## What is required:
Your answer should be the lines below from the one holding "The Fluid Workcenters" through the one holding "In our next", copied exactly and with nothing else.
:: The input
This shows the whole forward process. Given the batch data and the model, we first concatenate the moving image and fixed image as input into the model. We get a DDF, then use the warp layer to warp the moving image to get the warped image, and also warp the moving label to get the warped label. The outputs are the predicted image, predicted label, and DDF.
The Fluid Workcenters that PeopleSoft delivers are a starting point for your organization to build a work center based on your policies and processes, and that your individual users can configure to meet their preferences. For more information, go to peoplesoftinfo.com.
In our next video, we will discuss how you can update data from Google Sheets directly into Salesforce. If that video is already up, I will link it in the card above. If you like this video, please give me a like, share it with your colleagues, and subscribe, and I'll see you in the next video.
::::
:: The input
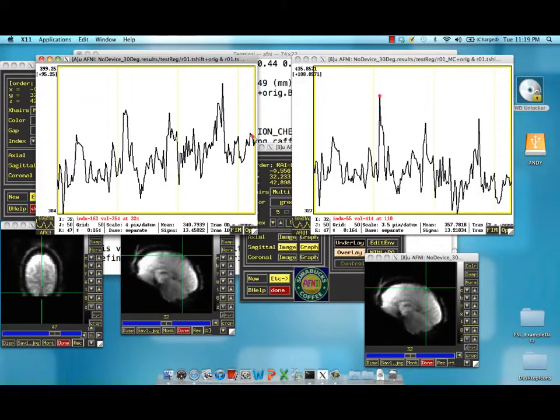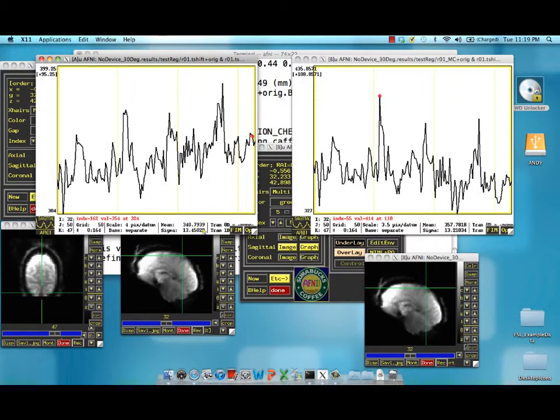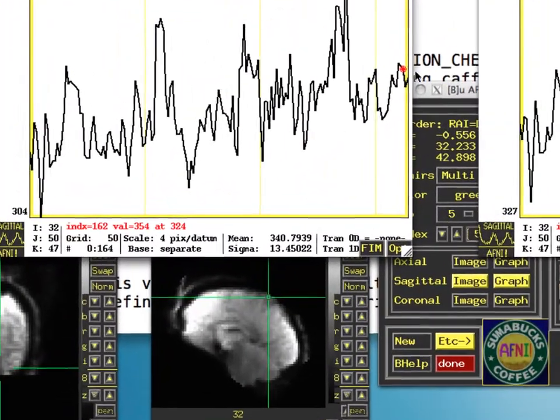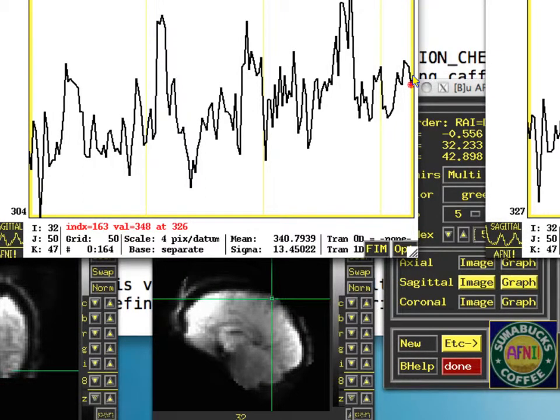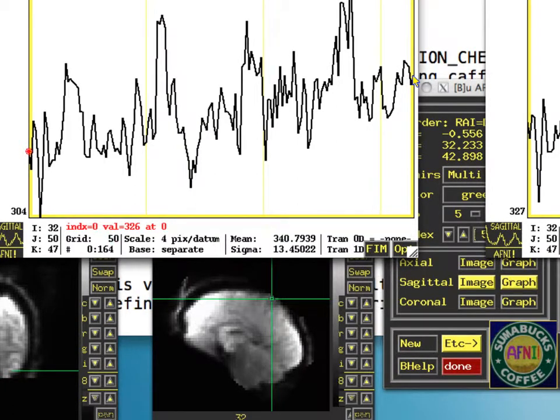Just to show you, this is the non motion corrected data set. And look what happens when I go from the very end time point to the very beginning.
::::
:: The input
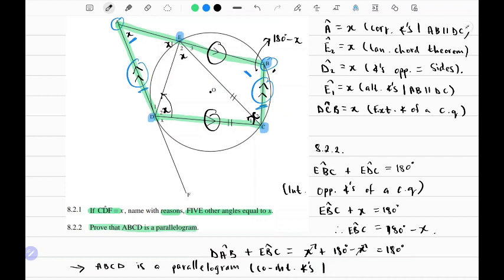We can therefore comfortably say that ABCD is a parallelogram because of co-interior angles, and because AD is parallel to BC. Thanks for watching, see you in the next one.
::::
## Answer section:
The Fluid Workcenters that PeopleSoft delivers are a starting point for your organization to build a work center based on your policies and processes, and that your individual users can configure to meet their preferences. For more information, go to peoplesoftinfo.com.
In our next video, we will discuss how you can update data from Google Sheets directly into Salesforce. If that video is already up, I will link it in the card above. If you like this video, please give me a like, share it with your colleagues, and subscribe, and I'll see you in the next video.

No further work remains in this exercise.